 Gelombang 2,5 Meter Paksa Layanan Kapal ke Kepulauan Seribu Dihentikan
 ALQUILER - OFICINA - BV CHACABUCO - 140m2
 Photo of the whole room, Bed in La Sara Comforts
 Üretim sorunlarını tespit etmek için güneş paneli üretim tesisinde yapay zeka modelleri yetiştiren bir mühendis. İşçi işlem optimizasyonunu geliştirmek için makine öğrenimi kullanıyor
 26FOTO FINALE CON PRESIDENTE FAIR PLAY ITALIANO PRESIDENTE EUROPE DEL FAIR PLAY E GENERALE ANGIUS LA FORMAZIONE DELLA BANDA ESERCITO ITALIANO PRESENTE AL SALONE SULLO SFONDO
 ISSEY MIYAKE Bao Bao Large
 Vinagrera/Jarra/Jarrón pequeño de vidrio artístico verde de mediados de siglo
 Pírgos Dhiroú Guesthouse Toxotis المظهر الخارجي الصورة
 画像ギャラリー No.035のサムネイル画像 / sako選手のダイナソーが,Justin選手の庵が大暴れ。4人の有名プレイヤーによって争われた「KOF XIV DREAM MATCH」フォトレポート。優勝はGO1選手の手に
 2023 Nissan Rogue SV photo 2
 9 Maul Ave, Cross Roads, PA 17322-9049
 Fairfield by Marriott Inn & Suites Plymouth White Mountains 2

──────────

With the line that contains "9 Maul Ave, Cross Roads, PA 17322-9049" as your start, reproduce the data above exactly through its last line, and nothing before that start.

▸ Solution:
 9 Maul Ave, Cross Roads, PA 17322-9049
 Fairfield by Marriott Inn & Suites Plymouth White Mountains 2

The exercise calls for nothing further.